ECLI:NL:CBB:2002:AD9635
College van Beroep voor het bedrijfsleven
- Eerste en enige aanleg
- D. Roemers
- M.J. Kuiper
- C.J. Borman
- Rechtspraak.nl
Weigering aanwezigheidsvergunning voor kansspelautomaten in horecagelegenheid
In deze zaak heeft het College van Beroep voor het bedrijfsleven op 22 februari 2002 uitspraak gedaan in het geschil tussen appellante, een horecagelegenheid genaamd A, en de burgemeester van B. Appellante had bezwaar gemaakt tegen de afwijzing van haar aanvraag voor een aanwezigheidsvergunning voor twee kansspelautomaten en tegen een last onder dwangsom tot verwijdering van de kansspelautomaten. De burgemeester had op 22 oktober 2001 besloten dat de inrichting van appellante als laagdrempelig werd beschouwd, waardoor de aanwezige kansspelautomaten in strijd waren met de Wet op de Kansspelen. Appellante stelde dat de horecalokaliteiten voldoende van elkaar waren afgescheiden en dat de activiteiten in de cafetaria niet gericht waren op personen jonger dan 18 jaar.
Het College heeft vastgesteld dat de inrichting van appellante niet voldeed aan de eisen van de Wet op de Kansspelen, omdat de cafetaria en het café niet als afzonderlijke horecalokaliteiten konden worden aangemerkt. De activiteiten in de cafetaria waren in belangrijke mate gericht op een jonger publiek, en de inrichting voldeed niet aan de voorwaarden voor een hoogdrempelige inrichting. Het College oordeelde dat de burgemeester terecht de vergunning had geweigerd en dat de last onder dwangsom rechtmatig was opgelegd. De beroepen van appellante werden ongegrond verklaard.

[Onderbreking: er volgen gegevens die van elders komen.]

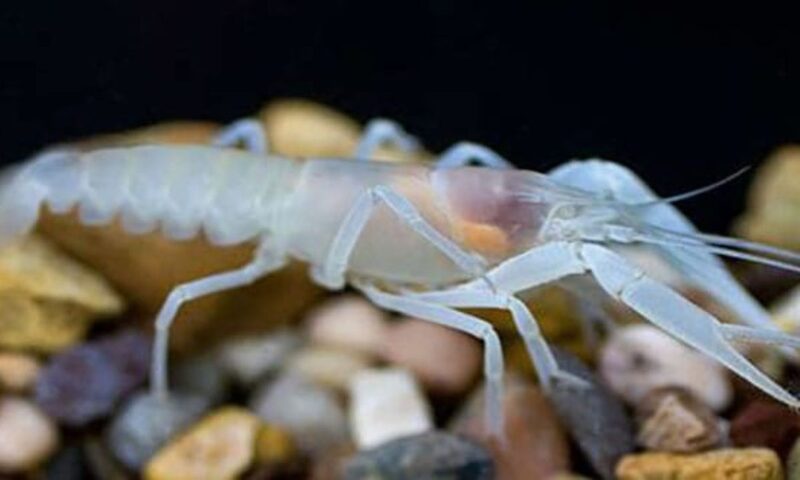 2025020647399853.jpeg 8.jpeg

De uitspraak benadrukt de strikte naleving van de wetgeving omtrent kansspelen en de voorwaarden voor het verkrijgen van vergunningen in de horeca. Het College bevestigde dat de burgemeester bevoegd was om bestuursdwang toe te passen en dat er geen bijzondere redenen waren om handhavend op te treden. De beslissing van het College werd in het openbaar uitgesproken, waarbij de rechters de argumenten van beide partijen zorgvuldig hebben gewogen.